Des grévistes cassent et brûlent tout sur leur passage. Ils se permettent même de menacer publiquement, après leurs premiers forfaits, de passer à la vitesse supérieure, de mettre le pays à feu et à sang si le Gouvernement ne satisfait pas immédiatement leurs revendications. En toute impunité. D’autres encore, à la moindre incartade, observent une « grève de la faim » qui a vite fait de paniquer nos gouvernants alors qu’il suffirait de les ignorer pendant quelques jours, pour qu’ils arrêtent leur cinéma. Des « grévistes de la faim » ont poussé le bouchon jusqu’à « exiger du Gouvernement des heures supplémentaires de 5 milliards de francs Cfa », alors qu’ils n’ont même fait les heures normales de travail. L’Université de Dakar est passée, semble-t-il, de temple du savoir à temple de l’anarchie.

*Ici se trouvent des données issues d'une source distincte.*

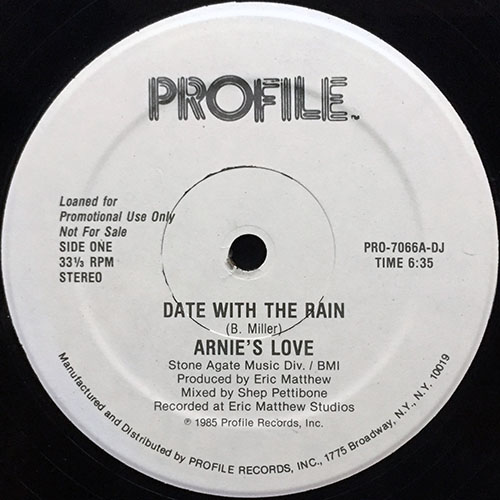 中古レコード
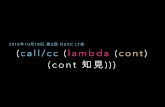 (call/cc (lambda (cont) (cont 知見)))
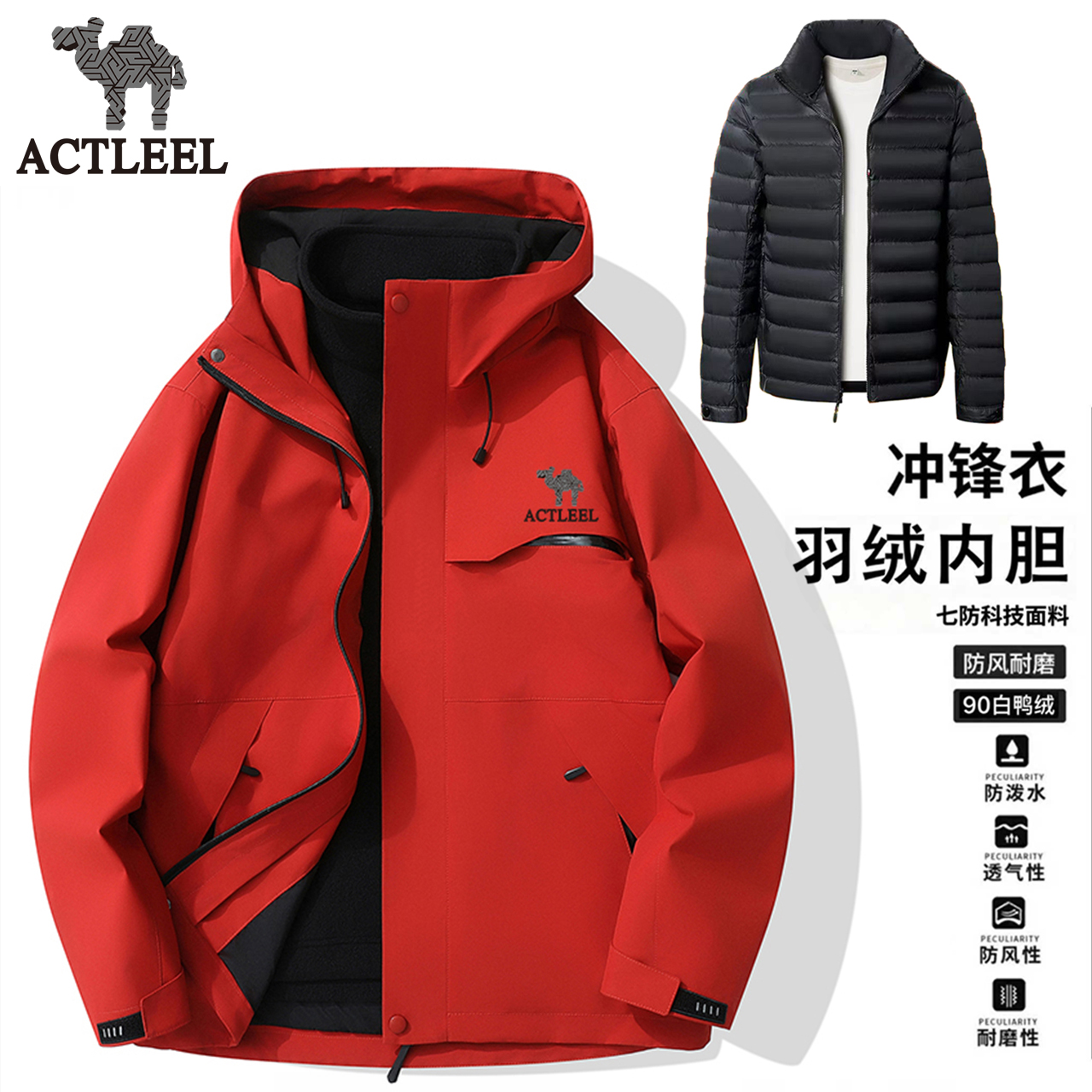 【品牌正品】羽绒三合一美洲户外男女同款秋冬新款保暖夹克外套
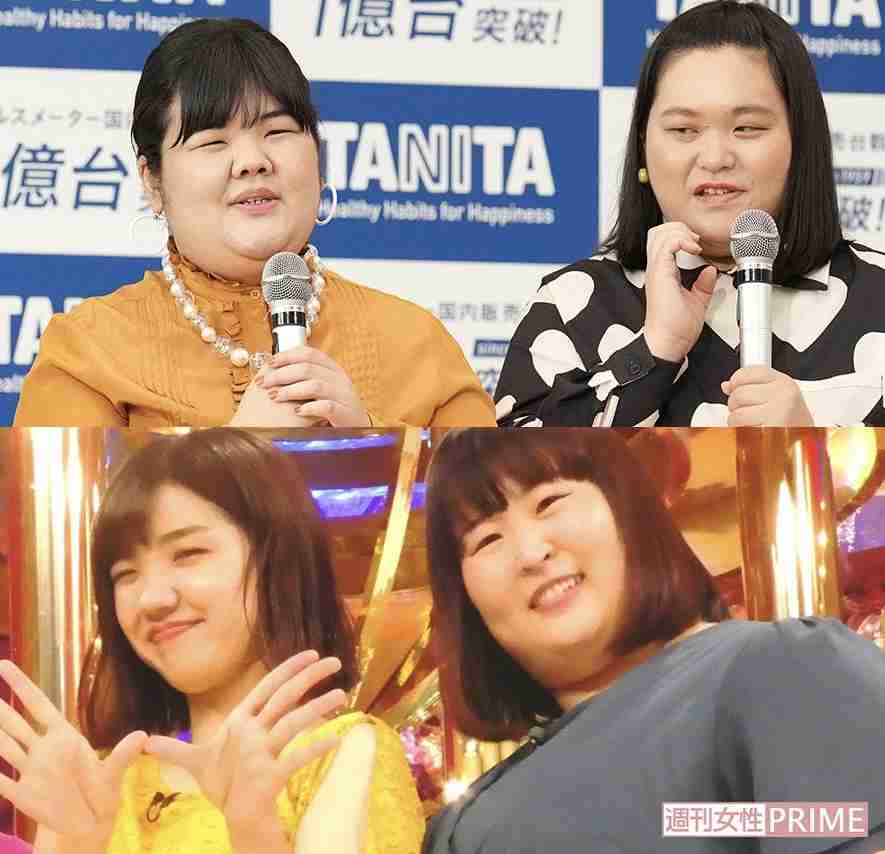 【恋愛】年収800万〜2000万円“高収入”男性の《本命候補》になる「会話の条件」は?→1位が率直すぎた!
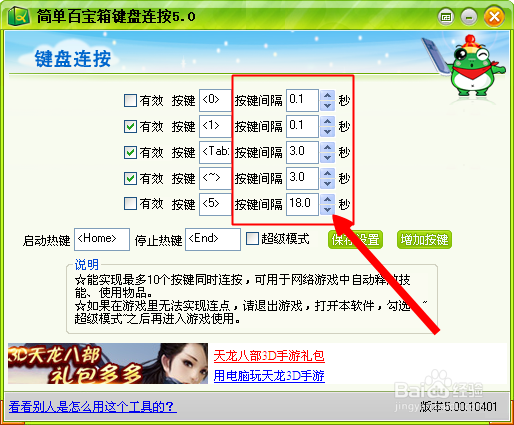 玩电脑游戏刷经验,释放双手的小技巧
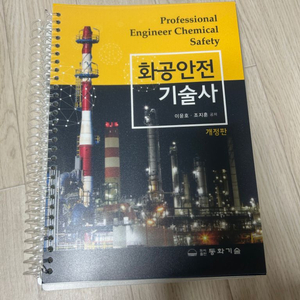 화공안전기술사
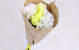 Bouq. Lysianthus d13cm White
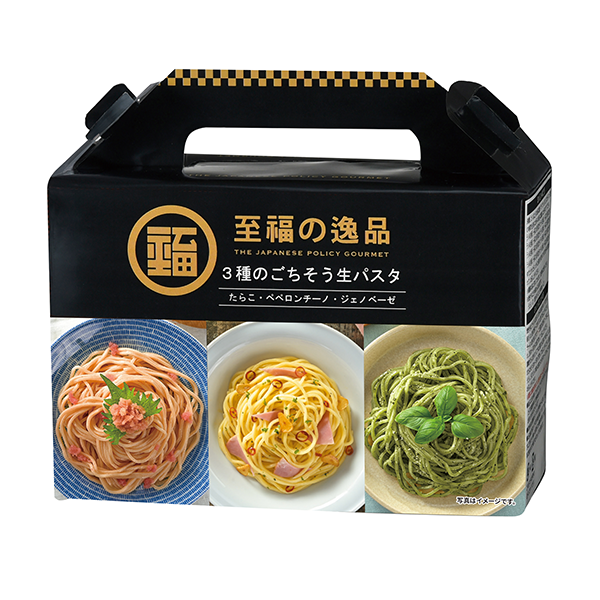 至福の逸品　3種のごちそう生パスタ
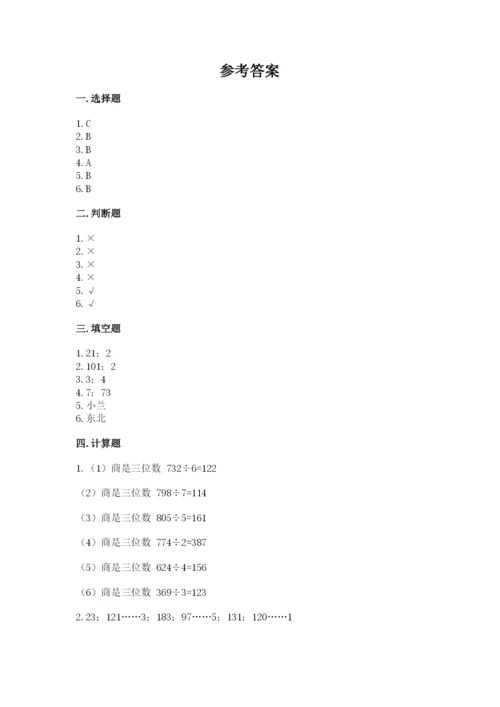 小学三年级下册数学期中测试卷（名师系列）word版.docx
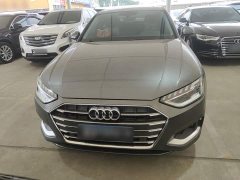 Audi A4L 2022 40 TFSI Fashion Elegant - ფოტო 2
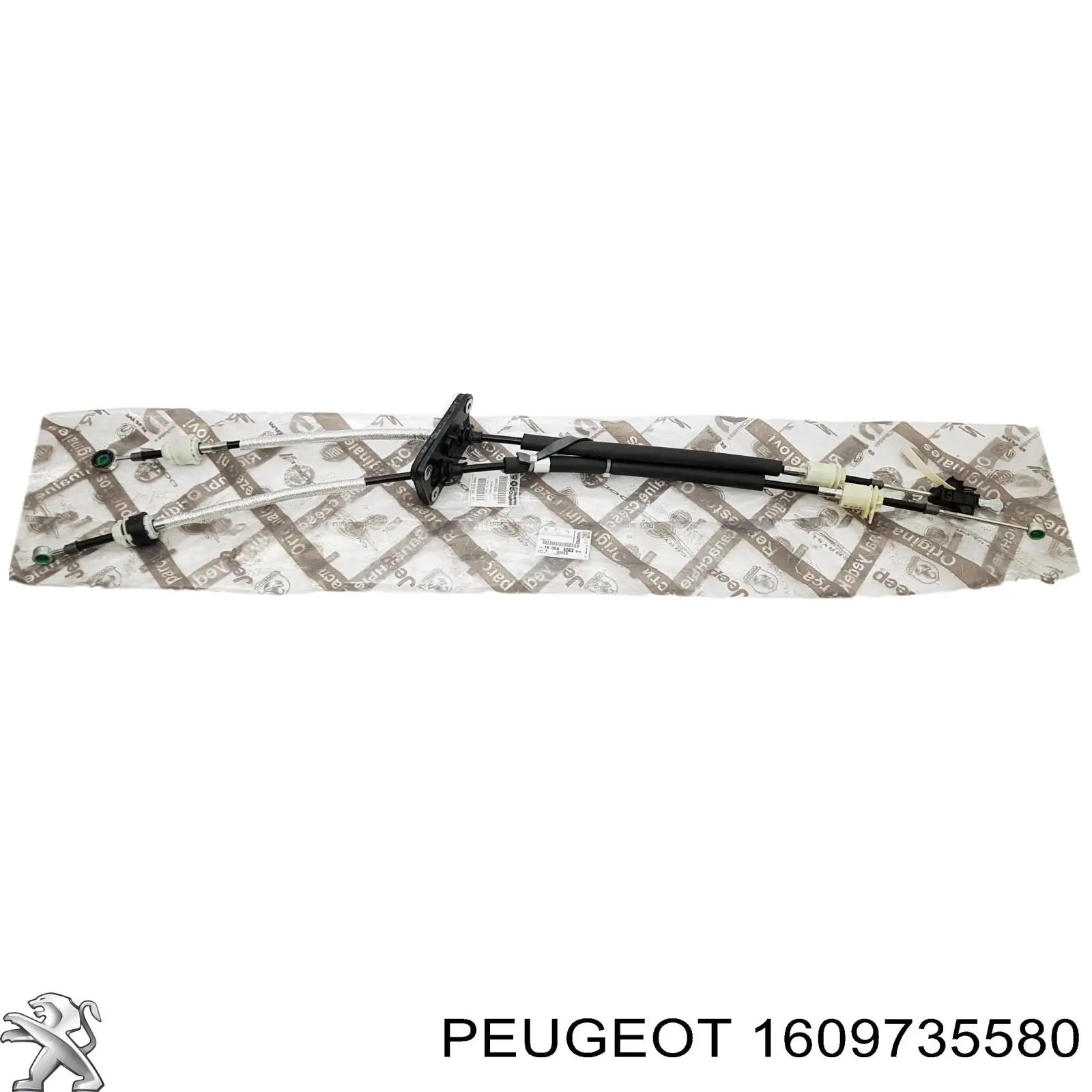 Linka dźwigni zmiany biegów podwójna Peugeot/Citroen 1609735580 cena, od 61,43 USD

La conscience de l’absence de sanctions, donc de l’impunité explique, pour l’essentiel, nombre des maux qui plombent, chez nous, tout effort de développement. Nos finances publiques, en particulier, en souffrent terriblement. Il suffit, pour s’en convaincre, de lire trois ou quatre rapports de l’Inspection générale d’Etat (IGE) et de la Cour des comptes qui se suivent. On a alors le sentiment qu’on lit le même rapport puisqu’on rencontre les mêmes fautes flagrantes. Les gestionnaires de deniers publics s’adonnent ainsi à loisir à leurs forfaits, en toute impunité. Ce sont partout des marchés de gré à gré avec leur corollaire de fortes surfacturations ; des violations flagrantes des règles sur les avenants pour cause d’absence d’études techniques préalables ; des milliers de litres de carburant ainsi que des salaires, indemnités et subventions substantiels octroyés à des non ayants droit ; de longs voyages injustifiés et entièrement pris en charge (billets d’avions et perdiems de luxe) par des structures non habilitées ; des cas d’enrichissements sans cause de particuliers (personnes physiques ou morales), en mettant notamment et facilement à leur disposition de grandes superficies de terrains illicitement soustraites au domaine national, etc.
En particulier, le monstrueux montage financier du monument de la Renaissance africaine, la gestion cavalière et clanique du Festival mondial des arts nègres (FESMAN), l’acquisition et l’utilisation peu orthodoxes par l’Etat des terres du général Chevance Bertin à Bambilor, ainsi que les fameuses pacotilles de machines agricoles venues d’Inde et de Chine (et depuis le 25 mars 2012 du Brésil) devraient envoyer en prison l’ancien Président de la République et les quelques personnes qu’il a choisi d’enrichir de façon manifestement illicite. Aujourd’hui, ces personnes vaquent tranquillement à leurs occupations et continuent de bénéficier des mêmes privilèges que du temps de Wade. Si ces personnes-là ne sont pas inquiétées parce que protégées, dit-on, par des chefs religieux, il serait injuste d’envisager d’en sanctionner d’autres.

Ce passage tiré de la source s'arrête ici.